*** Opening of Source data ***

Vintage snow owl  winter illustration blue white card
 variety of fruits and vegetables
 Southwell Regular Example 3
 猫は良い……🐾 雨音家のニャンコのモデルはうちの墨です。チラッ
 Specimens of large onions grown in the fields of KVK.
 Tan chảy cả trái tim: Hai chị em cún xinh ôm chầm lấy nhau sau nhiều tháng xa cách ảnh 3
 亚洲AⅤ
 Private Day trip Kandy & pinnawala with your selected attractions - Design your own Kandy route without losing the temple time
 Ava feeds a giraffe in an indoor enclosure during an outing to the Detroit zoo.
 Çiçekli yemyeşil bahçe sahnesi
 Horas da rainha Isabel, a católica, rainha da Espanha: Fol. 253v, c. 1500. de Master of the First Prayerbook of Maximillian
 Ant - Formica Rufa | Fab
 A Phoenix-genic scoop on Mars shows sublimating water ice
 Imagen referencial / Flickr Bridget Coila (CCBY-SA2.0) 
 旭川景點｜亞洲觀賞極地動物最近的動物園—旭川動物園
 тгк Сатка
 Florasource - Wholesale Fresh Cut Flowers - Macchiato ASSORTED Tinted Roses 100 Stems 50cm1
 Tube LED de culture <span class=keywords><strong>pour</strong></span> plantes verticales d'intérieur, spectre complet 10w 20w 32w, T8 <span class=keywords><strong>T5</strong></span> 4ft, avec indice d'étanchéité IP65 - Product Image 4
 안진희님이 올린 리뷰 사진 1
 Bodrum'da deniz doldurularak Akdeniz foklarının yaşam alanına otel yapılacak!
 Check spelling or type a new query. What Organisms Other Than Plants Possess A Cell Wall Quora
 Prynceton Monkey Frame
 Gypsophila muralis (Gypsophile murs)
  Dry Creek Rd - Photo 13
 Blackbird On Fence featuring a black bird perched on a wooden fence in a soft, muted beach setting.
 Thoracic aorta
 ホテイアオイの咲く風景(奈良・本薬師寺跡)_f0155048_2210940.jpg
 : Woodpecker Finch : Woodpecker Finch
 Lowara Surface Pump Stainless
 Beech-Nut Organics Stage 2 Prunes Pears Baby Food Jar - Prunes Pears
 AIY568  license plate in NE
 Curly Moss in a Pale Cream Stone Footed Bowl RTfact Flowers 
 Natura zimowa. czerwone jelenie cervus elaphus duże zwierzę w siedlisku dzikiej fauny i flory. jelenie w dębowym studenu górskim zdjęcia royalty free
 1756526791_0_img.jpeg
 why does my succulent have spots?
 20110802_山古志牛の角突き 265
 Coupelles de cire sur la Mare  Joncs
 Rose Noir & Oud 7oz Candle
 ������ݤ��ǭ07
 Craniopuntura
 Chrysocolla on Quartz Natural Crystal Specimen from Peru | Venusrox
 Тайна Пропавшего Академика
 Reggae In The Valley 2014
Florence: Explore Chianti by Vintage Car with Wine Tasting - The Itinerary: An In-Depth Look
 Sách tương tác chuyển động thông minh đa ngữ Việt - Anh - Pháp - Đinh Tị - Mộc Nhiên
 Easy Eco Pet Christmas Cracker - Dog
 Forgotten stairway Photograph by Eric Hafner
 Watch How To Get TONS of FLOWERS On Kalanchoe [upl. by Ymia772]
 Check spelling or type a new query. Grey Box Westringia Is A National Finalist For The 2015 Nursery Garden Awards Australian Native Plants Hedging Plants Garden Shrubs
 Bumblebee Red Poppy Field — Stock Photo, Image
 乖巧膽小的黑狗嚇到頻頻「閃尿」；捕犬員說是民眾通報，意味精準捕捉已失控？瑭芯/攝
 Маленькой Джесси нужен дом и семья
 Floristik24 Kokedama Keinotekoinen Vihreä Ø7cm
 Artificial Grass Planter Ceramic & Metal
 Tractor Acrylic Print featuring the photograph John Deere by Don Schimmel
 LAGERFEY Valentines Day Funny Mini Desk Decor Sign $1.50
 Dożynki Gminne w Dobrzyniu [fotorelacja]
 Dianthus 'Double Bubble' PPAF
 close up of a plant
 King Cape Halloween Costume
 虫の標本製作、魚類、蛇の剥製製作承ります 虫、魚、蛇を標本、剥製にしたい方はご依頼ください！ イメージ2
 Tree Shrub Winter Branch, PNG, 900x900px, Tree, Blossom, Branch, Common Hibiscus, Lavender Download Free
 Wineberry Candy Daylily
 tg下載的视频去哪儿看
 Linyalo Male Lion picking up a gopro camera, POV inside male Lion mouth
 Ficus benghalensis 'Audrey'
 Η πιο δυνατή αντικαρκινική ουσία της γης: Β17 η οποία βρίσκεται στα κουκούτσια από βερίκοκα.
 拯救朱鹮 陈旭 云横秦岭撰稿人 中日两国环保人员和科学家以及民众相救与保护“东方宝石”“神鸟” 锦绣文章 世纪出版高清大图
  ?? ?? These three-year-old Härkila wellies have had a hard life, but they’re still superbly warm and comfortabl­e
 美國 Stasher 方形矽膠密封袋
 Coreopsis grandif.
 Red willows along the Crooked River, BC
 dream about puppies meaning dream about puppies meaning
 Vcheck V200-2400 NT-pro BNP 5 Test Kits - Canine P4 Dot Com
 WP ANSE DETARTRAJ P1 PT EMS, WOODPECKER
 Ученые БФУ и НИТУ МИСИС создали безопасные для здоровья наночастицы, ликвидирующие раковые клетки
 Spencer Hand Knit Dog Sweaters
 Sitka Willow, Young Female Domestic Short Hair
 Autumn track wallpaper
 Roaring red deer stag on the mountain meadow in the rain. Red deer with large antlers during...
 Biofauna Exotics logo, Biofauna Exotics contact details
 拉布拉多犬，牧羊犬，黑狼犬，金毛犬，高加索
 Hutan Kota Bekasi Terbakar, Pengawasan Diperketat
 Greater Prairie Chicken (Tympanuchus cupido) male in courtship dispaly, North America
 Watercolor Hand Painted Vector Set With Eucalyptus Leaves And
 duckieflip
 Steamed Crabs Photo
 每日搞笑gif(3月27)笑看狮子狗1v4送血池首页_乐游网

*** Close of Source data ***

Work required:
Take the records above and copy them out exactly.

Exercise output:
Vintage snow owl  winter illustration blue white card
 variety of fruits and vegetables
 Southwell Regular Example 3
 猫は良い……🐾 雨音家のニャンコのモデルはうちの墨です。チラッ
 Specimens of large onions grown in the fields of KVK.
 Tan chảy cả trái tim: Hai chị em cún xinh ôm chầm lấy nhau sau nhiều tháng xa cách ảnh 3
 亚洲AⅤ
 Private Day trip Kandy & pinnawala with your selected attractions - Design your own Kandy route without losing the temple time
 Ava feeds a giraffe in an indoor enclosure during an outing to the Detroit zoo.
 Çiçekli yemyeşil bahçe sahnesi
 Horas da rainha Isabel, a católica, rainha da Espanha: Fol. 253v, c. 1500. de Master of the First Prayerbook of Maximillian
 Ant - Formica Rufa | Fab
 A Phoenix-genic scoop on Mars shows sublimating water ice
 Imagen referencial / Flickr Bridget Coila (CCBY-SA2.0) 
 旭川景點｜亞洲觀賞極地動物最近的動物園—旭川動物園
 тгк Сатка
 Florasource - Wholesale Fresh Cut Flowers - Macchiato ASSORTED Tinted Roses 100 Stems 50cm1
 Tube LED de culture <span class=keywords><strong>pour</strong></span> plantes verticales d'intérieur, spectre complet 10w 20w 32w, T8 <span class=keywords><strong>T5</strong></span> 4ft, avec indice d'étanchéité IP65 - Product Image 4
 안진희님이 올린 리뷰 사진 1
 Bodrum'da deniz doldurularak Akdeniz foklarının yaşam alanına otel yapılacak!
 Check spelling or type a new query. What Organisms Other Than Plants Possess A Cell Wall Quora
 Prynceton Monkey Frame
 Gypsophila muralis (Gypsophile murs)
  Dry Creek Rd - Photo 13
 Blackbird On Fence featuring a black bird perched on a wooden fence in a soft, muted beach setting.
 Thoracic aorta
 ホテイアオイの咲く風景(奈良・本薬師寺跡)_f0155048_2210940.jpg
 : Woodpecker Finch : Woodpecker Finch
 Lowara Surface Pump Stainless
 Beech-Nut Organics Stage 2 Prunes Pears Baby Food Jar - Prunes Pears
 AIY568  license plate in NE
 Curly Moss in a Pale Cream Stone Footed Bowl RTfact Flowers 
 Natura zimowa. czerwone jelenie cervus elaphus duże zwierzę w siedlisku dzikiej fauny i flory. jelenie w dębowym studenu górskim zdjęcia royalty free
 1756526791_0_img.jpeg
 why does my succulent have spots?
 20110802_山古志牛の角突き 265
 Coupelles de cire sur la Mare  Joncs
 Rose Noir & Oud 7oz Candle
 ������ݤ��ǭ07
 Craniopuntura
 Chrysocolla on Quartz Natural Crystal Specimen from Peru | Venusrox
 Тайна Пропавшего Академика
 Reggae In The Valley 2014
Florence: Explore Chianti by Vintage Car with Wine Tasting - The Itinerary: An In-Depth Look
 Sách tương tác chuyển động thông minh đa ngữ Việt - Anh - Pháp - Đinh Tị - Mộc Nhiên
 Easy Eco Pet Christmas Cracker - Dog
 Forgotten stairway Photograph by Eric Hafner
 Watch How To Get TONS of FLOWERS On Kalanchoe [upl. by Ymia772]
 Check spelling or type a new query. Grey Box Westringia Is A National Finalist For The 2015 Nursery Garden Awards Australian Native Plants Hedging Plants Garden Shrubs
 Bumblebee Red Poppy Field — Stock Photo, Image
 乖巧膽小的黑狗嚇到頻頻「閃尿」；捕犬員說是民眾通報，意味精準捕捉已失控？瑭芯/攝
 Маленькой Джесси нужен дом и семья
 Floristik24 Kokedama Keinotekoinen Vihreä Ø7cm
 Artificial Grass Planter Ceramic & Metal
 Tractor Acrylic Print featuring the photograph John Deere by Don Schimmel
 LAGERFEY Valentines Day Funny Mini Desk Decor Sign $1.50
 Dożynki Gminne w Dobrzyniu [fotorelacja]
 Dianthus 'Double Bubble' PPAF
 close up of a plant
 King Cape Halloween Costume
 虫の標本製作、魚類、蛇の剥製製作承ります 虫、魚、蛇を標本、剥製にしたい方はご依頼ください！ イメージ2
 Tree Shrub Winter Branch, PNG, 900x900px, Tree, Blossom, Branch, Common Hibiscus, Lavender Download Free
 Wineberry Candy Daylily
 tg下載的视频去哪儿看
 Linyalo Male Lion picking up a gopro camera, POV inside male Lion mouth
 Ficus benghalensis 'Audrey'
 Η πιο δυνατή αντικαρκινική ουσία της γης: Β17 η οποία βρίσκεται στα κουκούτσια από βερίκοκα.
 拯救朱鹮 陈旭 云横秦岭撰稿人 中日两国环保人员和科学家以及民众相救与保护“东方宝石”“神鸟” 锦绣文章 世纪出版高清大图
  ?? ?? These three-year-old Härkila wellies have had a hard life, but they’re still superbly warm and comfortabl­e
 美國 Stasher 方形矽膠密封袋
 Coreopsis grandif.
 Red willows along the Crooked River, BC
 dream about puppies meaning dream about puppies meaning
 Vcheck V200-2400 NT-pro BNP 5 Test Kits - Canine P4 Dot Com
 WP ANSE DETARTRAJ P1 PT EMS, WOODPECKER
 Ученые БФУ и НИТУ МИСИС создали безопасные для здоровья наночастицы, ликвидирующие раковые клетки
 Spencer Hand Knit Dog Sweaters
 Sitka Willow, Young Female Domestic Short Hair
 Autumn track wallpaper
 Roaring red deer stag on the mountain meadow in the rain. Red deer with large antlers during...
 Biofauna Exotics logo, Biofauna Exotics contact details
 拉布拉多犬，牧羊犬，黑狼犬，金毛犬，高加索
 Hutan Kota Bekasi Terbakar, Pengawasan Diperketat
 Greater Prairie Chicken (Tympanuchus cupido) male in courtship dispaly, North America
 Watercolor Hand Painted Vector Set With Eucalyptus Leaves And
 duckieflip
 Steamed Crabs Photo
 每日搞笑gif(3月27)笑看狮子狗1v4送血池首页_乐游网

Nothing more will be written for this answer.